Problems with journal referees:

Another experiment at the BMJ showed that reviewers did no better when more clearly instructed on the problems they might encounter. They also seem to get worse with experience. Charles McCulloch and Michael Callaham, of the University of California, San Francisco, looked at how 1,500 referees were rated by editors at leading journals over a 14-year period and found that 92% showed a slow but steady drop in their scores.

As well as not spotting things they ought to spot, there is a lot that peer reviewers do not even try to check. They do not typically re-analyse the data presented from scratch, contenting themselves with a sense that the authors’ analysis is properly conceived. And they cannot be expected to spot deliberate falsifications if they are carried out with a modicum of subtlety.

Problems with fraud:

Fraud is very likely second to incompetence in generating erroneous results, though it is hard to tell for certain. Dr Fanelli has looked at 21 different surveys of academics (mostly in the biomedical sciences but also in civil engineering, chemistry and economics) carried out between 1987 and 2008. Only 2% of respondents admitted falsifying or fabricating data, but 28% of respondents claimed to know of colleagues who engaged in questionable research practices.

Problems releasing data:

Reproducing research done by others often requires access to their original methods and data. A study published last month inPeerJ by Melissa Haendel, of the Oregon Health and Science University, and colleagues found that more than half of 238 biomedical papers published in 84 journals failed to identify all the resources (such as chemical reagents) necessary to reproduce the results. On data, Christine Laine, the editor of the Annals of Internal Medicine, told the peer-review congress in Chicago that five years ago about 60% of researchers said they would share their raw data if asked; now just 45% do. Journals’ growing insistence that at least some raw data be made available seems to count for little: a recent review by Dr Ioannidis which showed that only 143 of 351 randomly selected papers published in the world’s 50 leading journals and covered by some data-sharing policy actually complied.

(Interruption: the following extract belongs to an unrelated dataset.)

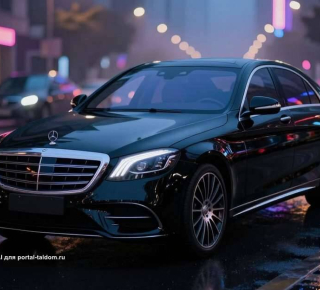 Авто демо-данные5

Critics of global warming have had problems getting at data before, as Nature reported here:

Since 2002, McIntyre has repeatedly asked Phil Jones, director of CRU, for access to the HadCRU data. Although the data are made available in a processed gridded format that shows the global temperature trend, the raw station data are currently restricted to academics. While Jones has made data available to some academics, he has refused to supply McIntyre with the data. Between 24 July and 29 July of this year, CRUreceived 58 freedom of information act requests from McIntyre and people affiliated with Climate Audit. In the past month, the UK Met Office, which receives a cleaned-up version of the raw data from CRU, has received ten requests of its own.

Why would scientists hide their data? Well, recall that the Climategate scandal resulted from unauthorized release of the code used to generate the data used to promote global warming alarmism. The leaked code showed that the scientists had been generating faked data using a “fudge factor”.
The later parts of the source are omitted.